À la bataille d’Essling, le 22 mai 1809, Vachin portait pendue à son côté une gourde remplie de vin. Un de ses amis, sous-officier comme lui, lui fait signe qu’il voudrait bien boire un coup de son vin. Vachin lui crie d’avancer, et lorsqu’il fut près de lui, il lui présenta à boire en se baissant de côté. Cela se passait au fort de l’action où les boulets et la mitraille nous arrivaient de toutes parts. Mais à peine le buveur avait-il avalé quelques gorgées, qu’un brutal de boulet autrichien emporte la tête du buveur ainsi que la gourde. Deux jours avant, ils avaient dîné ensemble à Vienne et, là, ils s’étaient fait réciproquement un don mutuel de ce qu’ils avaient comme montre, ceinture, en cas que l’un ou l’autre fût tué. Mais Vachin n’eut pas l’envie de mettre à exécution ce qu’ils étaient convenus de faire. Il se retira, reprit son rang, heureux de n’avoir pas été atteint par le même boulet, mais en pensant que, d’un moment à l’autre, il pouvait lui en arriver autant, car l’affaire était chaude. Je fus blessé le même jour.

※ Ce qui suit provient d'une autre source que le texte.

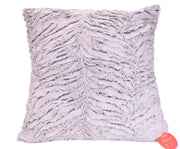 Prism Gray - Throw Pillow Case - Sew Sweet Minky Designs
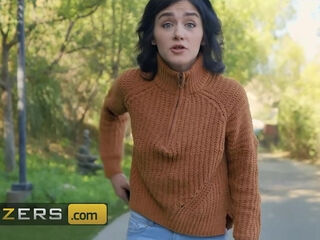 Big titted, black milf met a pervy dude at the park and had sex with him there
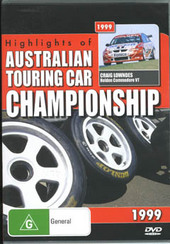 Highlights Of The Australian Touring Car Championship 1999 on DVD Highlights Of The Australian Touring Car Championship 1999 on DVD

Outre les anciens militaires que j’ai connus particulièrement, je puis citer encore, comme ayant fait la glorieuse et terrible guerre de Russie :

MM. Bouy, capitaine en retraite, à Valenciennes, et de Valenciennes ; chevalier de la Légion d’honneur.

Hourez, capitaine en retraite, à Valenciennes, et de Valenciennes ; chevalier de la Légion d’honneur.

Piète, sous-lieutenant, de Valenciennes.

Legrand, ex-fusilier des grenadiers de la Garde impériale, habitant Valenciennes ; chevalier de la Légion d’honneur.

Foucart, casernier, qui fut blessé et prisonnier ; chevalier de la Légion d’honneur.

Izambart, ancien sous-officier, garde des musées ; chevalier de la Légion d’honneur.

Petit, sous-lieutenant de la Jeune Garde.

Maujard, garde du génie, en retraite à Condé (Nord) ; chevalier de la Légion d’honneur.

Boquet, de Condé.

Bourgogne,
Ex-grenadier vélite de la Garde impériale,
Chevalier de la Légion d’honneur.



  1. Ces fruits étaient expédiés de Tournai, en Belgique. (Note de l’auteur.)
  2. Cette capote à servi à un de mes frères. Je la laissai chez mes parents, à mon retour de cette campagne, lorsque je venais d’être nommé lieutenant et que je repartais pour la campagne de 1813. (Note de l’auteur.)
  3. Depuis la campagne d’Italie. (Note de l’auteur.)
  4. Ancien camarade de Bourgogne aux vélites de la Garde où il était aussi entré en 1806, le lieutenant Serraris fit toutes les campagnes de l’Empire, reçut la croix des mains de l’Empereur à la revue du Kremlin (v. page 46), et quitta le service en 1814, après avoir été promu chef de bataillon et officier de la Légion d’honneur. Il est mort en 1855, lieutenant général au service des Pays-Bas. Il a laissé, nous écrit son fils, un journal de ses campagnes dont la partie relative à celle de Russie confirme entièrement l’exactitude des récits de Bourgogne.
  5. Mort à Valenciennes en 1856. (Note de l’auteur.)
  6. C’est-à-dire en 1835, à l’époque où je mettais mes Mémoires en ordre. (Note de l’auteur.)